- _Task directions_: Among the lines below, copy exactly those from the one with "Mey İthalat® 10" through the one with "Vergi Sorunları Dergisi", counting both ends.

Materials provided section start

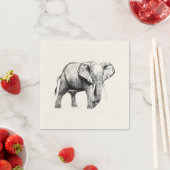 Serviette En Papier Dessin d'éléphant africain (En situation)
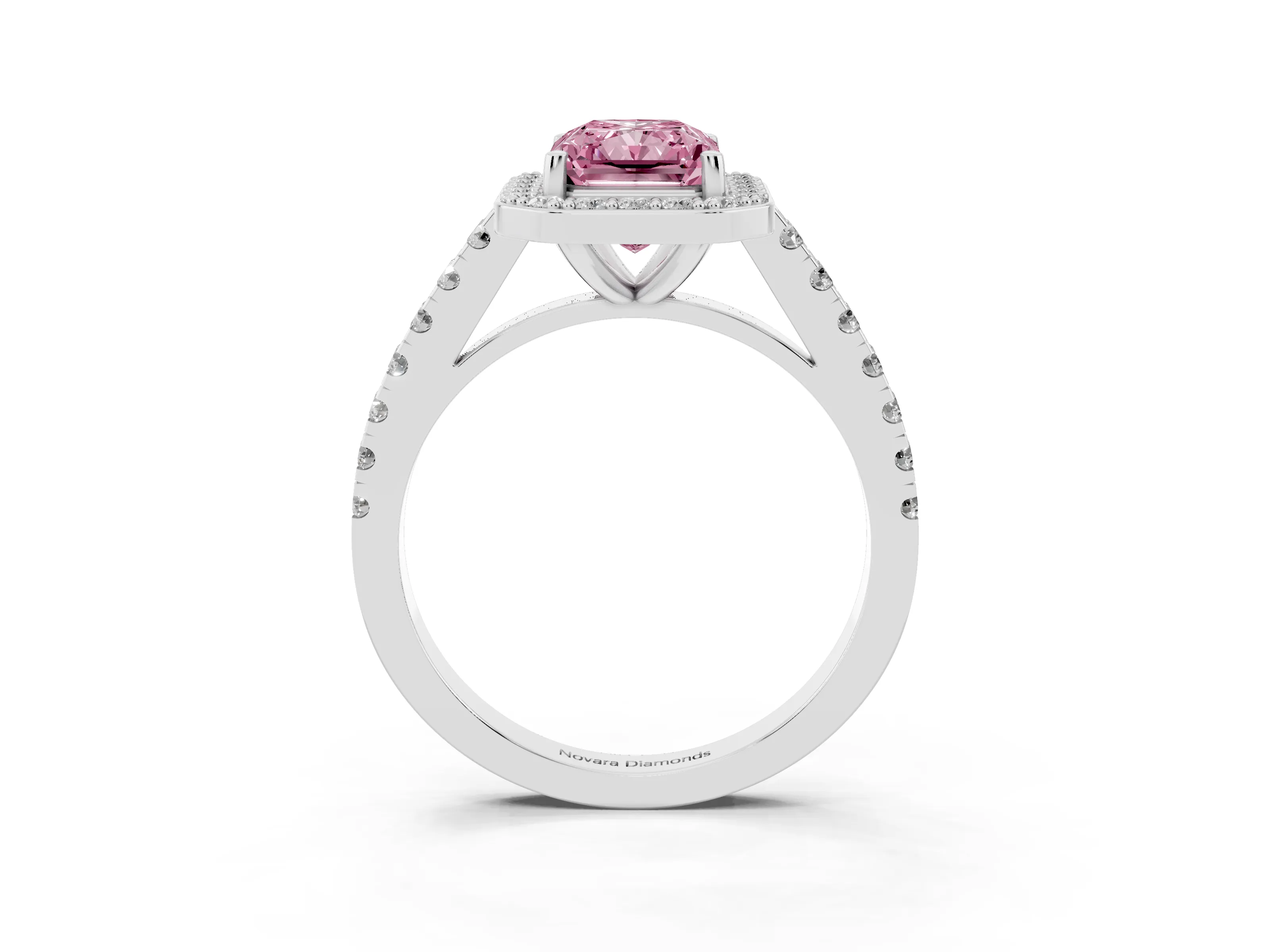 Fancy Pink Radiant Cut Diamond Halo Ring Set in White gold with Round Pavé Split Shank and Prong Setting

Materials provided section end
Materials provided section start

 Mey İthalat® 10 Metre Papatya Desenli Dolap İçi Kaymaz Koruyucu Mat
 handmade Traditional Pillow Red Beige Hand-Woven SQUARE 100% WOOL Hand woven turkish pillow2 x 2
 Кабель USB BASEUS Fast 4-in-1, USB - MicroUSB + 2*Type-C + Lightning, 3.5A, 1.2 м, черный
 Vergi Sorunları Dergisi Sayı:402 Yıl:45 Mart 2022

Materials provided section end
Materials provided section start

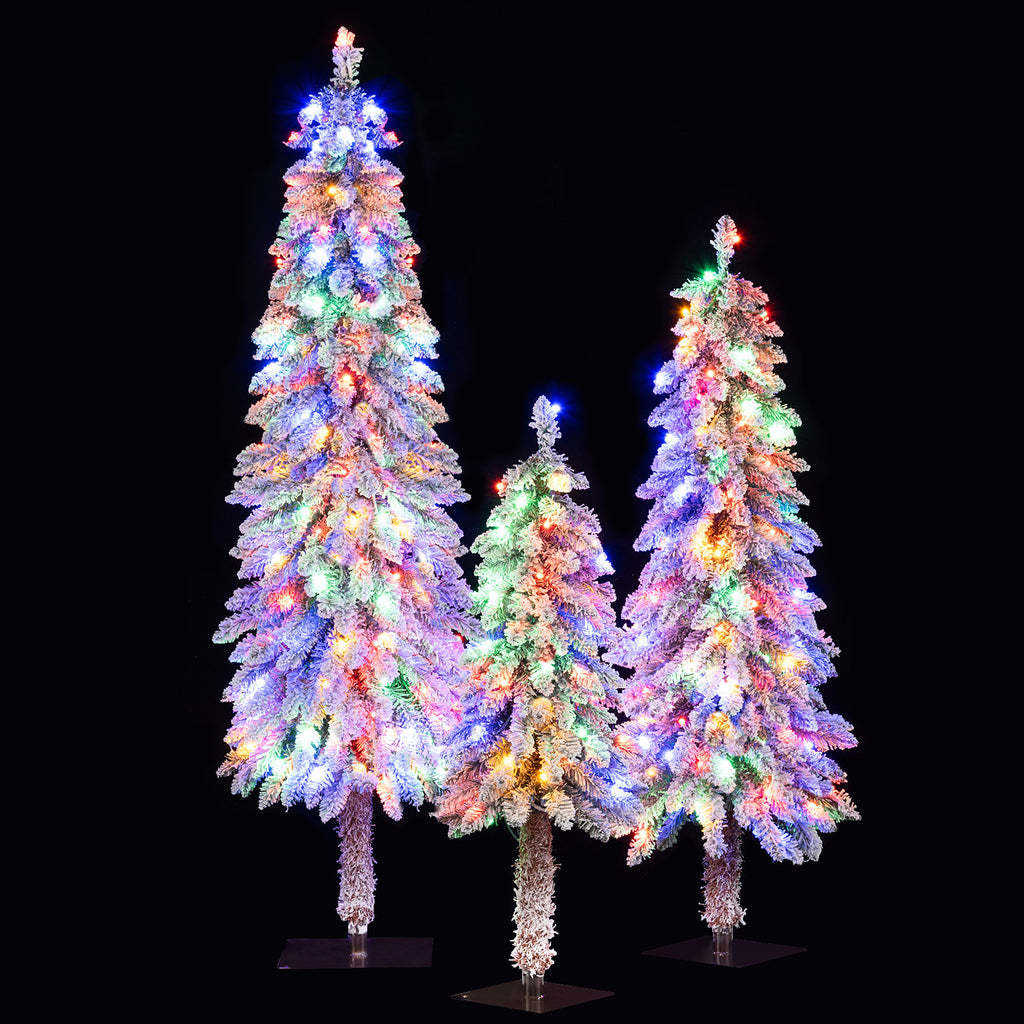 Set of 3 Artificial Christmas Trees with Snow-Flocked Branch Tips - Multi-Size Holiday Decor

Materials provided section end

- _Answer box_:
 Mey İthalat® 10 Metre Papatya Desenli Dolap İçi Kaymaz Koruyucu Mat
 handmade Traditional Pillow Red Beige Hand-Woven SQUARE 100% WOOL Hand woven turkish pillow2 x 2
 Кабель USB BASEUS Fast 4-in-1, USB - MicroUSB + 2*Type-C + Lightning, 3.5A, 1.2 м, черный
 Vergi Sorunları Dergisi Sayı:402 Yıl:45 Mart 2022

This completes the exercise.